Short descriptive text snippets:
%%

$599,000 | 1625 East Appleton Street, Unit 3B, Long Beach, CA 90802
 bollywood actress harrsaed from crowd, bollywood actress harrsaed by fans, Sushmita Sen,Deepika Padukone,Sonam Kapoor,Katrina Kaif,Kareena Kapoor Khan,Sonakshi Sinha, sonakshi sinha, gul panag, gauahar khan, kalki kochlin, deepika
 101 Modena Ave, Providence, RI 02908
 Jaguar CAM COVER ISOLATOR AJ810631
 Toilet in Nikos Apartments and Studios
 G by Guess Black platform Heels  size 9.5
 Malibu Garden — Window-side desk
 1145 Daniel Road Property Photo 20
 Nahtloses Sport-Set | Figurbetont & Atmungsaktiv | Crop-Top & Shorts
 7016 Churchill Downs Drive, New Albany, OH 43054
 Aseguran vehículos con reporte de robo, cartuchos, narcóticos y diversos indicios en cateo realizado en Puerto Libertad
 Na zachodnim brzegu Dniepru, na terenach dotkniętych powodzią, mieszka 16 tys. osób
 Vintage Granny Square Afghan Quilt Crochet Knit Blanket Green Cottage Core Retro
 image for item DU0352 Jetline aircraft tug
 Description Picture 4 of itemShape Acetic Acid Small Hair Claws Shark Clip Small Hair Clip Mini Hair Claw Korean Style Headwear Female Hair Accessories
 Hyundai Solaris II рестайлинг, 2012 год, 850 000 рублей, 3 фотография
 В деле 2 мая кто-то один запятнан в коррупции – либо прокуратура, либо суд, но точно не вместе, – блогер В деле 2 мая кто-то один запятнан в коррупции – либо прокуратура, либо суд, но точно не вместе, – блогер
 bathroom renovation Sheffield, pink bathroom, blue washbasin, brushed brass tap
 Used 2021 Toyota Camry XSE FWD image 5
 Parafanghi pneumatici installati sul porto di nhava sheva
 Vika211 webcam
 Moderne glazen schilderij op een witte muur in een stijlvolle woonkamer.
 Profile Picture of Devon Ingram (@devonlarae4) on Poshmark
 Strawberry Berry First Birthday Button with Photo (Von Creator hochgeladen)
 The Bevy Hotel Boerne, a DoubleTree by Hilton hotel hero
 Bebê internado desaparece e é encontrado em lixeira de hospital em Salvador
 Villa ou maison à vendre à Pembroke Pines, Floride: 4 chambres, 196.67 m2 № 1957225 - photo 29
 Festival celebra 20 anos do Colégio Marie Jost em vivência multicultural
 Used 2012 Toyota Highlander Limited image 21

%%

The answer must reproduce every record exactly.

Solution for this problem:
$599,000 | 1625 East Appleton Street, Unit 3B, Long Beach, CA 90802
 bollywood actress harrsaed from crowd, bollywood actress harrsaed by fans, Sushmita Sen,Deepika Padukone,Sonam Kapoor,Katrina Kaif,Kareena Kapoor Khan,Sonakshi Sinha, sonakshi sinha, gul panag, gauahar khan, kalki kochlin, deepika
 101 Modena Ave, Providence, RI 02908
 Jaguar CAM COVER ISOLATOR AJ810631
 Toilet in Nikos Apartments and Studios
 G by Guess Black platform Heels  size 9.5
 Malibu Garden — Window-side desk
 1145 Daniel Road Property Photo 20
 Nahtloses Sport-Set | Figurbetont & Atmungsaktiv | Crop-Top & Shorts
 7016 Churchill Downs Drive, New Albany, OH 43054
 Aseguran vehículos con reporte de robo, cartuchos, narcóticos y diversos indicios en cateo realizado en Puerto Libertad
 Na zachodnim brzegu Dniepru, na terenach dotkniętych powodzią, mieszka 16 tys. osób
 Vintage Granny Square Afghan Quilt Crochet Knit Blanket Green Cottage Core Retro
 image for item DU0352 Jetline aircraft tug
 Description Picture 4 of itemShape Acetic Acid Small Hair Claws Shark Clip Small Hair Clip Mini Hair Claw Korean Style Headwear Female Hair Accessories
 Hyundai Solaris II рестайлинг, 2012 год, 850 000 рублей, 3 фотография
 В деле 2 мая кто-то один запятнан в коррупции – либо прокуратура, либо суд, но точно не вместе, – блогер В деле 2 мая кто-то один запятнан в коррупции – либо прокуратура, либо суд, но точно не вместе, – блогер
 bathroom renovation Sheffield, pink bathroom, blue washbasin, brushed brass tap
 Used 2021 Toyota Camry XSE FWD image 5
 Parafanghi pneumatici installati sul porto di nhava sheva
 Vika211 webcam
 Moderne glazen schilderij op een witte muur in een stijlvolle woonkamer.
 Profile Picture of Devon Ingram (@devonlarae4) on Poshmark
 Strawberry Berry First Birthday Button with Photo (Von Creator hochgeladen)
 The Bevy Hotel Boerne, a DoubleTree by Hilton hotel hero
 Bebê internado desaparece e é encontrado em lixeira de hospital em Salvador
 Villa ou maison à vendre à Pembroke Pines, Floride: 4 chambres, 196.67 m2 № 1957225 - photo 29
 Festival celebra 20 anos do Colégio Marie Jost em vivência multicultural
 Used 2012 Toyota Highlander Limited image 21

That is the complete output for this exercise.